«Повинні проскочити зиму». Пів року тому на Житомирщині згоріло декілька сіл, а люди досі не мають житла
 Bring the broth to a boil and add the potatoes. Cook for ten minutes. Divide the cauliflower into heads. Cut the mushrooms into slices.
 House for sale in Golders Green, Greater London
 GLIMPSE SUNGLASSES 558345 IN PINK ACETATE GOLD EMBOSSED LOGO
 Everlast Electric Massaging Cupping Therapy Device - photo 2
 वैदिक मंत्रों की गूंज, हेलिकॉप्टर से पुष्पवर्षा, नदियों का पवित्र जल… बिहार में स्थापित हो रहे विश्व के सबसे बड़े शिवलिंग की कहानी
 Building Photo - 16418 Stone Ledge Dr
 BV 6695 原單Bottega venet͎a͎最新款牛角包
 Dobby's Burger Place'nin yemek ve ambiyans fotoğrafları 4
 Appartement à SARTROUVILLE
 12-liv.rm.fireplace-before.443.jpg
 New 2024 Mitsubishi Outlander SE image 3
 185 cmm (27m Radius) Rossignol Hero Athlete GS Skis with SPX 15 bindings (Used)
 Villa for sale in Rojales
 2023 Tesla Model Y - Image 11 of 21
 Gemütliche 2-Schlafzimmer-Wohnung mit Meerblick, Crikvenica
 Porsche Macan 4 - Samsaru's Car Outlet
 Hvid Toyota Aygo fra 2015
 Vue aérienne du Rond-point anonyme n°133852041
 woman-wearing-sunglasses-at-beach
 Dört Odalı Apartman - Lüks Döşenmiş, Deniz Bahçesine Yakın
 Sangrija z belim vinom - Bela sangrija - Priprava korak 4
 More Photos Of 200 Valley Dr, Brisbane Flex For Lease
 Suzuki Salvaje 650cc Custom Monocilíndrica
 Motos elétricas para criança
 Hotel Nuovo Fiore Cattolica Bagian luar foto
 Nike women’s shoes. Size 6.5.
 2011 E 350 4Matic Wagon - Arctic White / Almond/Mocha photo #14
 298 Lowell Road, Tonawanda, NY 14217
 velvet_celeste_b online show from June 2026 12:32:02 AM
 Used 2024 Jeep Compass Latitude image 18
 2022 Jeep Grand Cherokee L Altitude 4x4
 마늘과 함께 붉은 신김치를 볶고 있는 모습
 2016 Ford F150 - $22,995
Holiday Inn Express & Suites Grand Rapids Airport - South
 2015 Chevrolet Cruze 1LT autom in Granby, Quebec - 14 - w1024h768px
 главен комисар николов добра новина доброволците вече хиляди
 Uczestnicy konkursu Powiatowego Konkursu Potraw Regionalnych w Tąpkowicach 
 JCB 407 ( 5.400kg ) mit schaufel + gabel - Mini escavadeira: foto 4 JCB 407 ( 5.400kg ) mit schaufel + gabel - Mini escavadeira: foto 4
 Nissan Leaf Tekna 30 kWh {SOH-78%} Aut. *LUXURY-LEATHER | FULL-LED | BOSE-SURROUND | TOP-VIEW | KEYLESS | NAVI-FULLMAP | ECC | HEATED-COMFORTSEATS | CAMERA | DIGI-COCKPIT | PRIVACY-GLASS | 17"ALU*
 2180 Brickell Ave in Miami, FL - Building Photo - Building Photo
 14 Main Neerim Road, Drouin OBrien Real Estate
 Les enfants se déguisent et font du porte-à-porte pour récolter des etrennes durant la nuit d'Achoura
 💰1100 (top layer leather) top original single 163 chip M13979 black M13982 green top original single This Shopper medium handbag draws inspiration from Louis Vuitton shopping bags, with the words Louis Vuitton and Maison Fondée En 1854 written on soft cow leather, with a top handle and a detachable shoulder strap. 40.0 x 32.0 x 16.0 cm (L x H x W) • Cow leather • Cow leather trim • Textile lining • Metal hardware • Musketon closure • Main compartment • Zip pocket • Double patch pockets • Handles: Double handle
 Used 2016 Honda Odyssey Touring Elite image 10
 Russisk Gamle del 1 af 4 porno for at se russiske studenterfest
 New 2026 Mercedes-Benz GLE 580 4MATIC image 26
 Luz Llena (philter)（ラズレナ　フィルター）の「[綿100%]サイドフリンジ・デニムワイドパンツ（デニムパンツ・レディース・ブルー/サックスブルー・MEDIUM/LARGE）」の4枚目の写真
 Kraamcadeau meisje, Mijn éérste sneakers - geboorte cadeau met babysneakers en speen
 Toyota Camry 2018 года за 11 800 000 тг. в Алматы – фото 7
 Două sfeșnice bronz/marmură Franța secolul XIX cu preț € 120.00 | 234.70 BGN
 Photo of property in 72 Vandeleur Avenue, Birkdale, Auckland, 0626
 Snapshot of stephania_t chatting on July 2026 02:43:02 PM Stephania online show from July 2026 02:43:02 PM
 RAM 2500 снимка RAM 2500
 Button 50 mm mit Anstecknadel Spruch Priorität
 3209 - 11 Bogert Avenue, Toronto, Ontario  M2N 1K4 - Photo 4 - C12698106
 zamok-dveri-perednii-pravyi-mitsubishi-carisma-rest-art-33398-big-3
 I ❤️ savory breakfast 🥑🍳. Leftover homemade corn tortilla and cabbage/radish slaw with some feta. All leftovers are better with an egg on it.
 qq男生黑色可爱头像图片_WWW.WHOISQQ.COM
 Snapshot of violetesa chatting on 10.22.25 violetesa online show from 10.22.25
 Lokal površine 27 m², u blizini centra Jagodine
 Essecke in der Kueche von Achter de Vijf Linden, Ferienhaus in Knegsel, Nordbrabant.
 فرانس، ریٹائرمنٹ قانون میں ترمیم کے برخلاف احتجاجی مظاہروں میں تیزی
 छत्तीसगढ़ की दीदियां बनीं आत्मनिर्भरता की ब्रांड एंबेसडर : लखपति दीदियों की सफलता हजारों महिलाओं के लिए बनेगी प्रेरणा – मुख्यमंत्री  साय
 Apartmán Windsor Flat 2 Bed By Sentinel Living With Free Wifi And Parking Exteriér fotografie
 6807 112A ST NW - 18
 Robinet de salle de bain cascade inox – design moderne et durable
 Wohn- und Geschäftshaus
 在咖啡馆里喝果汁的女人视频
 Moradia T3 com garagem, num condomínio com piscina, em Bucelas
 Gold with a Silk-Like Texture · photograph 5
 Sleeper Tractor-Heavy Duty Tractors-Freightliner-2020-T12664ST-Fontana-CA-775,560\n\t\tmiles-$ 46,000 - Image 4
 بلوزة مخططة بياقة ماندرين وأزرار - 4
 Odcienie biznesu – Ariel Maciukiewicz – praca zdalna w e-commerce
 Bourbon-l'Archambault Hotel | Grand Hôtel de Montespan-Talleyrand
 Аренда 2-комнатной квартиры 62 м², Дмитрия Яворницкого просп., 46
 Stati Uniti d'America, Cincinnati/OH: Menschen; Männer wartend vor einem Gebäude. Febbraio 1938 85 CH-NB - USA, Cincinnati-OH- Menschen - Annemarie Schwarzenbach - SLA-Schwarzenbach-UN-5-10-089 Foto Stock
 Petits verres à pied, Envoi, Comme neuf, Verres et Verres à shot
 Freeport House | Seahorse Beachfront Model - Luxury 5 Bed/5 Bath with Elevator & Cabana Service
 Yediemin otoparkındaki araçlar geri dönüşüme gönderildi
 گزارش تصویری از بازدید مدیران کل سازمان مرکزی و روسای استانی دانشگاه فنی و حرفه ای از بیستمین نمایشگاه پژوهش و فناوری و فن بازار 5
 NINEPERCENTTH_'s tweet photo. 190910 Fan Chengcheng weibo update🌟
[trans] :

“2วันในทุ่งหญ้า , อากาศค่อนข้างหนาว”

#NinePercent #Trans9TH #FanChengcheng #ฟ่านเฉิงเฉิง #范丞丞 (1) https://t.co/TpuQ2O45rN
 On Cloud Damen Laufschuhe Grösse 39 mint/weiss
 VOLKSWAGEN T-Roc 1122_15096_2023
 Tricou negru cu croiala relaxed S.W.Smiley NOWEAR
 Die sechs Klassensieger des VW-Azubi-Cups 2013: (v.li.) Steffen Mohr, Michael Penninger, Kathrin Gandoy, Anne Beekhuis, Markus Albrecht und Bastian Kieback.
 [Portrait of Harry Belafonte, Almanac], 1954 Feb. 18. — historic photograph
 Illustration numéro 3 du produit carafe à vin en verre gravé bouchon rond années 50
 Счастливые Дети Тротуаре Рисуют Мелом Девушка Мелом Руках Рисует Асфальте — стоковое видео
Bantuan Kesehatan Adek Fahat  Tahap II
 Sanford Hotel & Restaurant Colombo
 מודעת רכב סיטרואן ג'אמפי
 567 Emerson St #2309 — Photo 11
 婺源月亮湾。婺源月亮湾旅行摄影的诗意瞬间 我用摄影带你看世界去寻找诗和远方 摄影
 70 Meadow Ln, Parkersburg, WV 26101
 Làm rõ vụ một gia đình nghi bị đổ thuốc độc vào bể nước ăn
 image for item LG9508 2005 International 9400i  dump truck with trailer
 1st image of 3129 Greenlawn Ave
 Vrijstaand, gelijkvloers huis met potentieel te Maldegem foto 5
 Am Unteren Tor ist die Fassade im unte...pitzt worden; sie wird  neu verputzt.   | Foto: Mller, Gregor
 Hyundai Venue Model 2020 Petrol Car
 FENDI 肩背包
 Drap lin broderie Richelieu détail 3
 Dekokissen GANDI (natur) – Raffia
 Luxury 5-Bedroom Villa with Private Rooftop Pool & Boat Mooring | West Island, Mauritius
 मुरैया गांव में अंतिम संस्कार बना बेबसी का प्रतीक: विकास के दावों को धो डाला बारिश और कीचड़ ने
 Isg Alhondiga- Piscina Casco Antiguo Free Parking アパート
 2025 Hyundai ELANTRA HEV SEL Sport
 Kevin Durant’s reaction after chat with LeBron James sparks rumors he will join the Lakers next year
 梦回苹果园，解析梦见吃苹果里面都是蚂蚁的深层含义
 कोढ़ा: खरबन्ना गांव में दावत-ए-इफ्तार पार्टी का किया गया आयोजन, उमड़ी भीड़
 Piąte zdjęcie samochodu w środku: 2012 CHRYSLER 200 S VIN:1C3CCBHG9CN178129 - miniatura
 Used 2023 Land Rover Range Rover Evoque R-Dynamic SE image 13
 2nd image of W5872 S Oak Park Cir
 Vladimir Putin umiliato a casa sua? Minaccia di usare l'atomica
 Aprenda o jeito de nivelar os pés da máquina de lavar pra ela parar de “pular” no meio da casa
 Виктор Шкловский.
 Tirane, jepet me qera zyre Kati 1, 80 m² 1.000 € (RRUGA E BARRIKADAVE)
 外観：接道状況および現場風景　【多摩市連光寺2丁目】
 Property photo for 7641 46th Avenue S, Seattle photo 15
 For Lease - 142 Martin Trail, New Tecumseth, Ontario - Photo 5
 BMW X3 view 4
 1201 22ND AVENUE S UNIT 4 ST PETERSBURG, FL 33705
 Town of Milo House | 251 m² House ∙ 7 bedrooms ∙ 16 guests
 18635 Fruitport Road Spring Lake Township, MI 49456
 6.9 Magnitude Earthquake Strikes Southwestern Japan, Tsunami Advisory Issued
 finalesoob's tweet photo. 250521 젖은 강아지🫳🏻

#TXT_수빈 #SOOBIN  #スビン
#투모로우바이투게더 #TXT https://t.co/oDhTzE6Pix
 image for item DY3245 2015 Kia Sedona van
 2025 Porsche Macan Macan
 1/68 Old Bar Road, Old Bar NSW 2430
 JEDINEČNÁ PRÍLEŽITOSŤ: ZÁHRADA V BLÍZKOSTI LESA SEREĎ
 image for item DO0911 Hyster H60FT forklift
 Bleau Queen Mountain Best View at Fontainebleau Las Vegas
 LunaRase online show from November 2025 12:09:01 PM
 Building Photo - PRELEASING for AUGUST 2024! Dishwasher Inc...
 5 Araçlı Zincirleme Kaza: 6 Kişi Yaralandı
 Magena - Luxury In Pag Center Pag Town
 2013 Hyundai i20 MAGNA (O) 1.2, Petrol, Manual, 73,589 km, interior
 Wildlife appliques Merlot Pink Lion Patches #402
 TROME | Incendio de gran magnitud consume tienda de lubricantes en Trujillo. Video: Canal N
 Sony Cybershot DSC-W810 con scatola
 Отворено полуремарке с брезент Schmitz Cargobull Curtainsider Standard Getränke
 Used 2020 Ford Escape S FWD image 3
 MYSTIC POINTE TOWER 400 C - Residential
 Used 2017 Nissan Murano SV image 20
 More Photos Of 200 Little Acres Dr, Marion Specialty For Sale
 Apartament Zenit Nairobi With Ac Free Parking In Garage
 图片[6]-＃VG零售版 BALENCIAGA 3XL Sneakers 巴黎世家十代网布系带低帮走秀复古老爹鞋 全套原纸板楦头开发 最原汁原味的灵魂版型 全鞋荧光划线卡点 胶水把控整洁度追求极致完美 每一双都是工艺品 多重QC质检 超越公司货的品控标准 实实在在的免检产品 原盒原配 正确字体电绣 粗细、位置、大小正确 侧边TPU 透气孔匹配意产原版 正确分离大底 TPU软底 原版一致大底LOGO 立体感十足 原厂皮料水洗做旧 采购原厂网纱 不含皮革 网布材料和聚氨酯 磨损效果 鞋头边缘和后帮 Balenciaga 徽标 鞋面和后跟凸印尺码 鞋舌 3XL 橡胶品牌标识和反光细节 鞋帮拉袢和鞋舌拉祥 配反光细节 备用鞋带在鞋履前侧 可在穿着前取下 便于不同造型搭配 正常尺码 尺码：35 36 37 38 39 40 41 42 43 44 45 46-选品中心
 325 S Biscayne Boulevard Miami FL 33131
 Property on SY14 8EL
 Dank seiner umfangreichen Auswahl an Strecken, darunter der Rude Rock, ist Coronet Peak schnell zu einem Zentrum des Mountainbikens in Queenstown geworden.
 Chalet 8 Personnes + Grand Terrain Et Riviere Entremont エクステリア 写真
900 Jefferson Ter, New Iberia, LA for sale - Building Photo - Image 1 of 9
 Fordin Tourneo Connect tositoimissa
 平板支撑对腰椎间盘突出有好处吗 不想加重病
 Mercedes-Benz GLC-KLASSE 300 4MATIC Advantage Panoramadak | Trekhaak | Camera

Required action:
From the material above, copy every line where the word "casa" is found.

Result:
 Vladimir Putin umiliato a casa sua? Minaccia di usare l'atomica
 Aprenda o jeito de nivelar os pés da máquina de lavar pra ela parar de “pular” no meio da casa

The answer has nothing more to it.